Sunday, January 11, 2015

Daylight Development Tanks - Introduction

Daylight development tanks, very convenient to film shooters, are not made any longer. That is a real pity, since those are really convenient for developing your (B&W) film w/o the need for a darkroom or even a changing bag.

In today's digital age, that means that one can shoot "full frame" (135 film that is) with moderately price to extremely inexpensive cameras, develop the film (in bright daylight, using coffee) and scan to produce the images, w/o any need for a darkroom whatsoever!

As mentioned above, daylight development tanks are not made any longer and they are more and difficult to obtain on the 2nd hand market.
Personally, I got lucky on 3 daylight development tanks, I am sure that I overpaid, but, at least I can call those mine now (in order of purchase):
  • Jobo 2400
  • Agfa Rondinax 35 U
  • Agfa Rondix 35
Interestingly enough, all those tanks are German brands. I wonder if there were daylight development tanks of different makes too.
Concerning 120 film, I am aware of the existence of the Agfa Rondinax 60.

All three of the above 135 film tanks work on very different principles.
The Jobo 2400 and the Agfa Rondinax use reels, similar to conventional development tanks, on which the film is rolled onto. In contrast thereto, the Agfa Rondix 35 does not employ a reel at all.

In the Jobo 2400 the film is fed onto the reel in a way similar to the any other Jobo or Paterson reels, it is slid in, although, from the inside rather than the outside. At the end of the process, the film is cut from the cartridge. The advantage of the Jobo 2400 is, that it is watertight and can be used as a regular developer tank, also for stand development. Here is a video with a demonstration of the tank.

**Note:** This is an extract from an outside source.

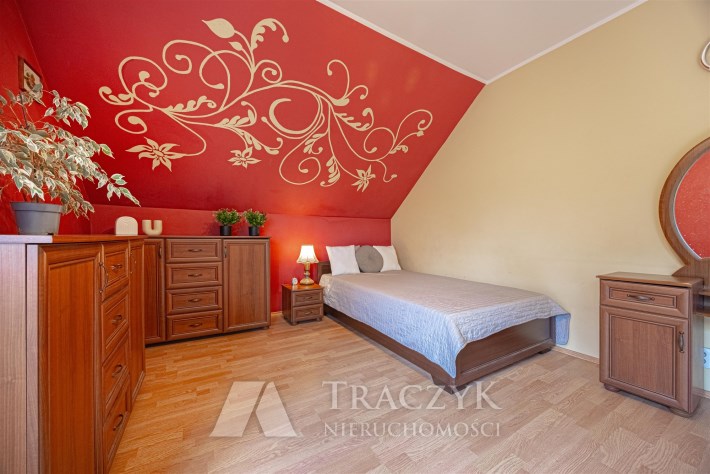 Dom w Siechnicach 12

Loading the film onto the reel of the Agfa Rondinax 35 U is similar to loading a steel-reel. The film is fixed to the inner part of the real and rolled on, slightly bulged. As soon as the film is completely loaded to the reel, a knife needs to be engaged to cut the film next to the cartridge. Due to the fact that the reel is upright in the tank, the reel has to be turned at all times during processing. The Rondinax is not water-tight and therefore has to be kept upright during precessing. Check out this full tutorial.

The Agfa Rondix 35 is the most economical amongst the three, in terms of chemicals' volumes. However, when it comes to washing the film, it is the one that requires the most activity and time. The Rondix does not employ a reel, the film is wound onto itself on a spool. Agfa's advice is to actually roll the film onto the spool when there already is developer in the tank. My advice is to install the film and spool, fill the tank with developer, than close the lid and start winding the film.  The Rondix will keep you busy turning a little crank back and forth for the entire time of the processing. The cartridge will be attached to the film throughout the entire processing, this allows the reversal of the film onto itself. Actually, I use the cartridge to anchor the film for drying. The Rondix is not water-tight and therefore has to be kept upright during precessing. Again, someone else already did a video on the topic.

It is my turn now to use said tanks with alternative developers, e.g. Caffenol, and share the results.